The footage coming out of Tehran is disturbing and simple to read: mourners at Supreme Leader Ayatollah Ali Khamenei’s state funeral are being filmed holding posters that social media users say put Western and Israeli figures — including President Donald Trump — in the crosshairs. At the same time, Iranian state television aired an interview with an American activist who praised Khamenei. Those two developments matter for U.S. security and for who America’s political parties now seem to cheer for.
What the funeral footage appears to show
Video clips circulating online show mourners holding up posters and photos with what many viewers call target imagery on them. Conservative accounts have named people allegedly shown on the posters: President Donald Trump, commentators and activists, and public figures tied to Israel and U.S. policy.
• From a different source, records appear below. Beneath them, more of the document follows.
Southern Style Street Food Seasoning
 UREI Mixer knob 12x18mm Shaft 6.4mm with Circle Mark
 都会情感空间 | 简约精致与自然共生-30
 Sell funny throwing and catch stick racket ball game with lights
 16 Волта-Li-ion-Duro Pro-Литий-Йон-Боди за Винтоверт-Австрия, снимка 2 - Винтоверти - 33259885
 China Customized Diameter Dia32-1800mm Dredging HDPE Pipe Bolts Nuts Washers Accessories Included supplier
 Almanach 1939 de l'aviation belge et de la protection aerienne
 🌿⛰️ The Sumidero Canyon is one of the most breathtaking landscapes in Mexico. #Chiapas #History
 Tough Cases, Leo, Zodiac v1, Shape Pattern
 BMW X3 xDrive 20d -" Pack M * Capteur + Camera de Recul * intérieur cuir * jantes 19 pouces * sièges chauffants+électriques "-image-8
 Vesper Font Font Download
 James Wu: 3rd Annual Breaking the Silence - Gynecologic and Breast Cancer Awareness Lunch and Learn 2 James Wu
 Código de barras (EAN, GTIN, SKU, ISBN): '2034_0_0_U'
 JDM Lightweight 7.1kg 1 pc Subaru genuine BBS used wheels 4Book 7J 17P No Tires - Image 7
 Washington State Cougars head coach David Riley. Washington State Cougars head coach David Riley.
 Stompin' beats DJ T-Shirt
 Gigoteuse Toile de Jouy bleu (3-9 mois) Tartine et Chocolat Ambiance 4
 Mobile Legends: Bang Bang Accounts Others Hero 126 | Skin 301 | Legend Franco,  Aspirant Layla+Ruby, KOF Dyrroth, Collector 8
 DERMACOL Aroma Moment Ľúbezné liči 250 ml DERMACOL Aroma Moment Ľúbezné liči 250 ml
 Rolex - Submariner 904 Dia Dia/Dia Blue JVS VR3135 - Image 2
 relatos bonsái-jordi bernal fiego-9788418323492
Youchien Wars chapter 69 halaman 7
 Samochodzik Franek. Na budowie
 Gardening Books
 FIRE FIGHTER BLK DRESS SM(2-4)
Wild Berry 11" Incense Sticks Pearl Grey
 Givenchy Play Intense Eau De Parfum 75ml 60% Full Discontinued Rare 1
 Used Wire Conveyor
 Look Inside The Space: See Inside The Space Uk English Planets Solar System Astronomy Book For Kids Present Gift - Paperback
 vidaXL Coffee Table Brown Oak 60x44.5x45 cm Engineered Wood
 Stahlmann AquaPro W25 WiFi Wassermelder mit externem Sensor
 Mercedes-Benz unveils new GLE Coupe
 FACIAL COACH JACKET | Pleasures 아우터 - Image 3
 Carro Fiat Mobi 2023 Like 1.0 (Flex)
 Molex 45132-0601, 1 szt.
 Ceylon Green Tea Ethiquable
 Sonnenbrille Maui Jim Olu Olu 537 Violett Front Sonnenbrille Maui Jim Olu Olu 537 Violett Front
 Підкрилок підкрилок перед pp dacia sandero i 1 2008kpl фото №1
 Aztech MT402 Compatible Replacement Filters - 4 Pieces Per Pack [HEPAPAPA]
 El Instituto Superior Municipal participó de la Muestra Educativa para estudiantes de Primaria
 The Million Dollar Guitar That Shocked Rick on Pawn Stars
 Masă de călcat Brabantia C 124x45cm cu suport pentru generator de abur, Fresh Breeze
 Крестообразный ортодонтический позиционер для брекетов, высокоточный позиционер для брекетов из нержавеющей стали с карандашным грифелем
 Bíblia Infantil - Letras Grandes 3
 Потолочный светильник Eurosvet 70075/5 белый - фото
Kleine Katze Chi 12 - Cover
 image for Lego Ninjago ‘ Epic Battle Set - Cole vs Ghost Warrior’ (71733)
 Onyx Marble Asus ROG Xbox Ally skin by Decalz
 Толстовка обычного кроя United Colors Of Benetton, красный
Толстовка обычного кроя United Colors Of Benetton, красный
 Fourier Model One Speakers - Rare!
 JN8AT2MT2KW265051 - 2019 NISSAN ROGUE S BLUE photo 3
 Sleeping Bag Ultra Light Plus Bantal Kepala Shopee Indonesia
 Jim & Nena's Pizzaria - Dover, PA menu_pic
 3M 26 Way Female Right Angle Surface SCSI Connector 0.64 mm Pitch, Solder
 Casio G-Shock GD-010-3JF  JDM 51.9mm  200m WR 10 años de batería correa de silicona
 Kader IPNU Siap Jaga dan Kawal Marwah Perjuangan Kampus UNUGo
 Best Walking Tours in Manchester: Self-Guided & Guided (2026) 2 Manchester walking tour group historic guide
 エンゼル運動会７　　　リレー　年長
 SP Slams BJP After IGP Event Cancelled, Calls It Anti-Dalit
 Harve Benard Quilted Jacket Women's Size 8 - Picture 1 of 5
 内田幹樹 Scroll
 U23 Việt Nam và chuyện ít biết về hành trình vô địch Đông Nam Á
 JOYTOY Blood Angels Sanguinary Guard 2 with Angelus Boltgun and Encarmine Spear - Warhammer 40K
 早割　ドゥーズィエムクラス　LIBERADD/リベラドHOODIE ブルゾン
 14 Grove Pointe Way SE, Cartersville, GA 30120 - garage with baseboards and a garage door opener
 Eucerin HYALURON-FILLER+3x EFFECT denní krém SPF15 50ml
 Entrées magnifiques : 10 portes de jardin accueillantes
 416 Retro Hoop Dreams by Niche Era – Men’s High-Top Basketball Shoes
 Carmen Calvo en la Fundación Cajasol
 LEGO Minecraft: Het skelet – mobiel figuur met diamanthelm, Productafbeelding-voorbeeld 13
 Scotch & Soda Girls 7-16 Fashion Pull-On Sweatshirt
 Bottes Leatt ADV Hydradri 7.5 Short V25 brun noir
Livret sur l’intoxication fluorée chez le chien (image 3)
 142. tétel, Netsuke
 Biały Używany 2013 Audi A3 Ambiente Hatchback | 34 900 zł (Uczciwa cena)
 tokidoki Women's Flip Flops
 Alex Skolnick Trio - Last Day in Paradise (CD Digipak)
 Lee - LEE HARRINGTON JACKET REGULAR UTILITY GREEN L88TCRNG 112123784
The clips are being shared widely and have triggered alarm because this is not just old-school chanting — it looks like public identification of Western leaders as enemies. While social posts are the main source of these images and exact provenance should be checked, the visual message is clear and ugly.
Calla Walsh on Iranian state TV — the American face of Tehran’s propaganda
At the same funeral, Iranian state broadcasters aired English-language segments that included on-camera remarks by an American identified by several outlets as Calla Walsh, a former campaign staffer for Senator Elizabeth Warren and an activist. In the clips reported online, she praises Khamenei as an anti-imperialist leader. Whether Walsh went to Iran out of curiosity, solidarity, or worse, the effect is the same: Tehran used an American voice to legitimize its message. For a regime that has openly put bounties and targets on Western figures, that is effective propaganda, and it is meant to sting here at home.
Why this should worry every American — security and propaganda
Rhetoric like this is not abstract. U.S. officials have already described plots and arrests tied to Iran‑backed networks, and law enforcement has disrupted alleged plans aimed at members of President Trump’s family. When a foreign regime’s funeral doubles as a platform for naming enemies and broadcasting friendly foreign voices, it raises real questions about intent and reach. The video and the TV segments amplify each other: the images feed threats and the interviews give the threats a foreign echo chamber to recruit from and celebrate them.
Political optics: who is applauding Tehran?
Make no mistake: the imagery and the state-TV interview are a propaganda win for Tehran. They also pose a simple question to the American political class — what do you stand for? When an American activist shows up on a state channel to praise a man who presided over a brutal regime, Democrats who reflexively defend any anti‑war posture need to explain why they won’t condemn the message and the cheering. If you oppose military action on principle, say so. If you applaud those who praise brutal regimes, own it. Voters should know where their leaders draw the line.
Conclusion
Fans of clear threats and murky politics are getting what they want from this funeral coverage: vivid images and handy talking points. For the rest of us, the takeaway is straightforward. The videos and interviews demand a sober response from U.S. security agencies and a hard conversation in American politics about whose side people really are on. Ignore the provocation, and it grows; call it out clearly, and we manage the danger and the propaganda that comes with it.